| YOUR OBJECTIVE |
Using the records that follow, reproduce exactly the lines starting at the line containing "Se Vende Parcela" and ending at the line containing "Trekking insulated dog jacket (1)". Include both end lines and no pictures.

| AVAILABLE DATA |
* * * *

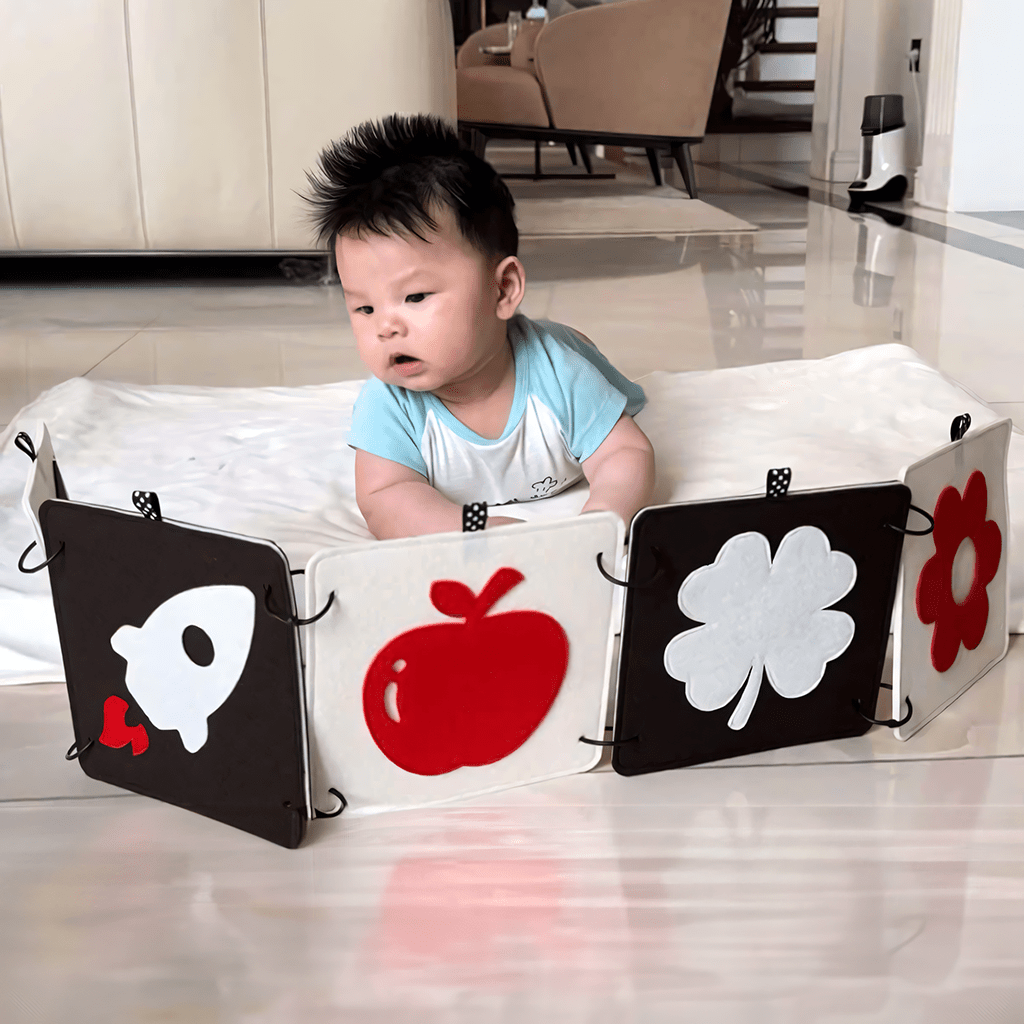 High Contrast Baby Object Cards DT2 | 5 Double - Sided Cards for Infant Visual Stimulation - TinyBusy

* * * *

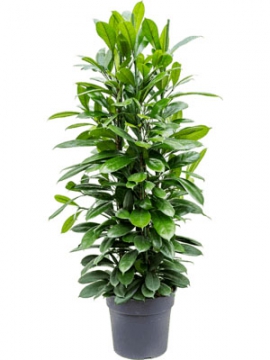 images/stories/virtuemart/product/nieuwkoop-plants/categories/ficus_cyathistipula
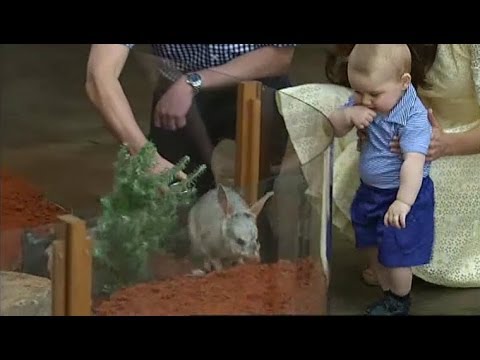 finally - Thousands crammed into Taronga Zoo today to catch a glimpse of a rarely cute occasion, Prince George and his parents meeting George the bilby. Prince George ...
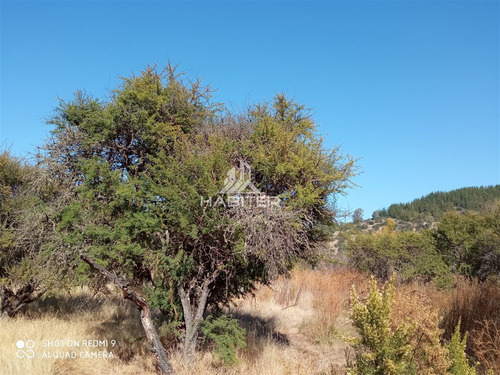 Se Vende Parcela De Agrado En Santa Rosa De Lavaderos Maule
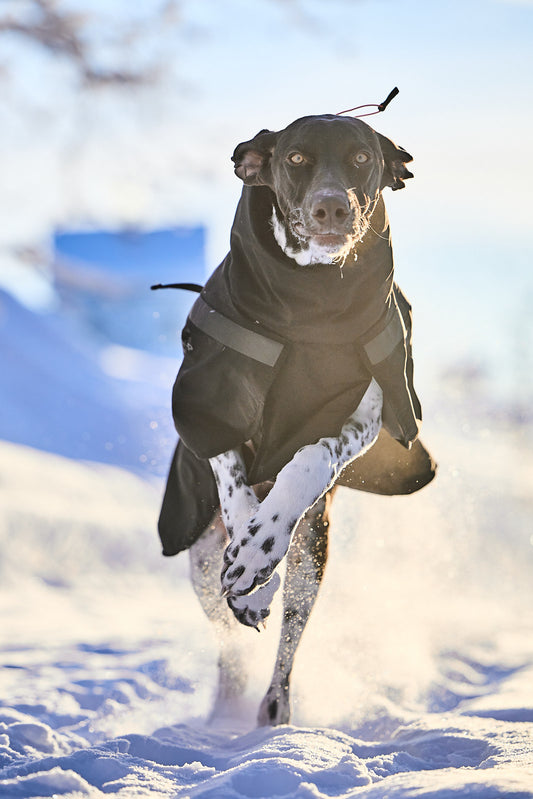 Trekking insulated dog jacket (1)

* * * *

| THE ANSWER |
 Se Vende Parcela De Agrado En Santa Rosa De Lavaderos Maule
 Trekking insulated dog jacket (1)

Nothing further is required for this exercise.